2 Headed Shark Attack poster
If zombies became the new vampires (i.e. the horror movie monster that got vastly over-played and lost any of its initial appeal or menace), is it safe to say that sharks have become the new zombies? I chose this one out of a field of four equally awful-looking shark movies, primarily because the beast on the poster above is actually frowning in carnivorous fury.
Yes, certain aspects of this film were slightly unrealistic (the shark-related science, the shark itself, most of the breasts), but beyond the bone-crunching mayhem there’s a lot to be learned from 2-Headed Shark Attack.
  1. A shark is never not hungry. The two-headed menace devours 25 people over the course of a single morning and afternoon.
  2. College classes routinely go on cruises to learn how a sextant works. I guess when your professor also owns his own ship and employs a three-person crew, that’s just one of the perks.
  3. Carmen Electra can convincingly portray a doctor. You just have to be careful not to give her any doctor-like things to say or do.
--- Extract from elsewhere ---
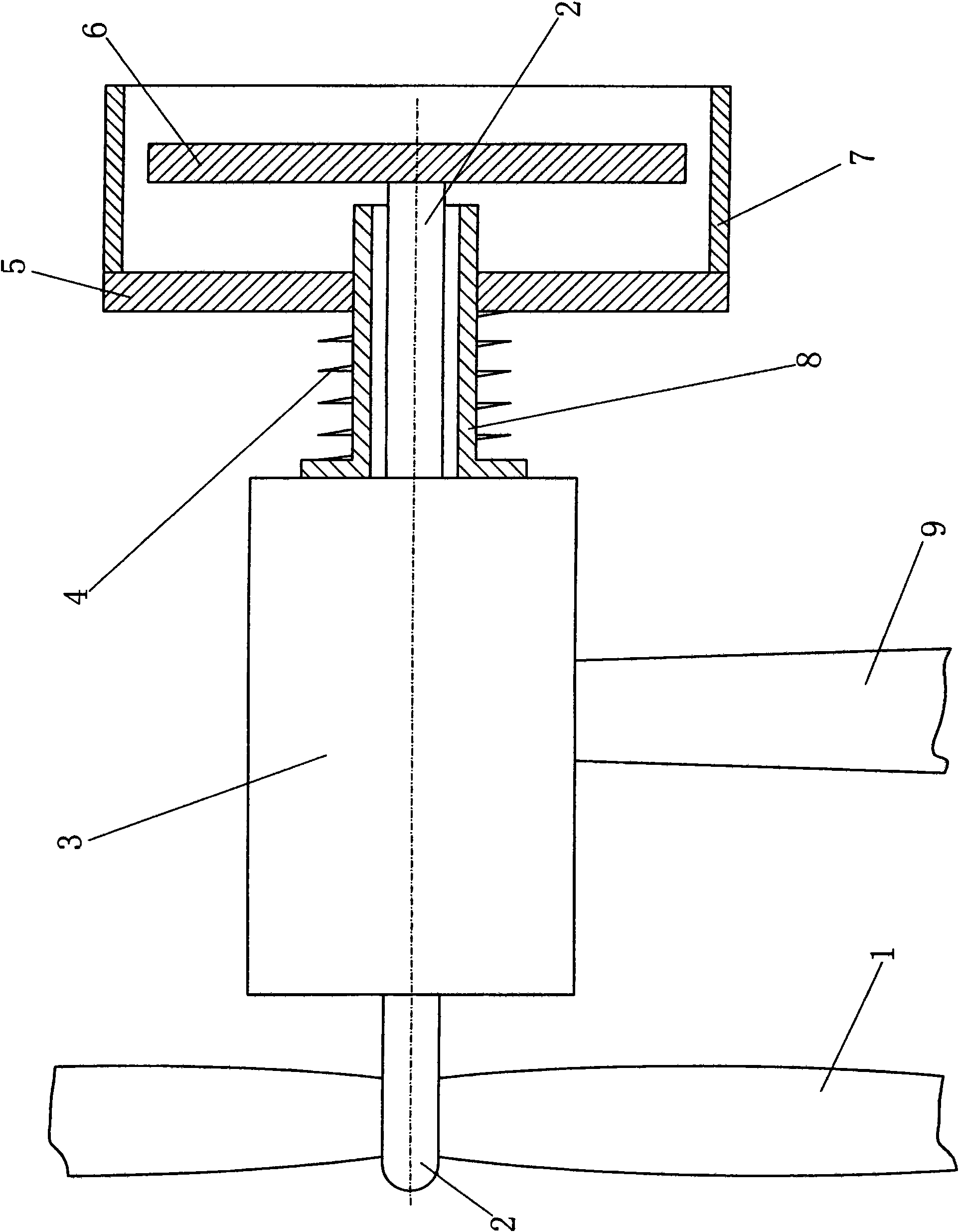 Magnetic tensile machine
  4. The big, dumb, jerky weight-lifting character will probably not survive. Complete surprise, right? I was sure he’d make it, especially after he abandoned his friends to die not once but twice.
  5. The characters that go skinny-dipping aren’t going to make it either. In a shocking twist, the trio of students who go for a naked swim are only devoured AFTER the requisite lesbian make-out scene.
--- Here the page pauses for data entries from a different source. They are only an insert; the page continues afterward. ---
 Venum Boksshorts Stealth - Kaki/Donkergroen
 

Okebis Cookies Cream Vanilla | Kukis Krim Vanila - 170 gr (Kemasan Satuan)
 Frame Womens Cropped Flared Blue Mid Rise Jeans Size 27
  6. The Indian character is probably the smartest. In addition to knowing everything about science, sharks, and engines, I bet he’s really good at spelling, too.
  7. The most statuesque blonde will probably live. It helps when your character is portrayed by Brooke Hogan, who does just as good a job in this as her dad did in Suburban Commando.
  8. When your boat is being chased by a shark, the best escape strategy is to jump into the water. You wouldn’t think this is true, but it totally is. The shark will just ignore you and go after the noisy, non-meat-and-blood-filled boat engine instead. That’s because…
  9. Sharks are more attracted to electrical disturbances than edible prey. Again, this is pretty much iron-clad science, people. Boat motors, electrified nets, ringing cell phones – a shark will ALWAYS choose an electronic device over a thrashing, screaming human.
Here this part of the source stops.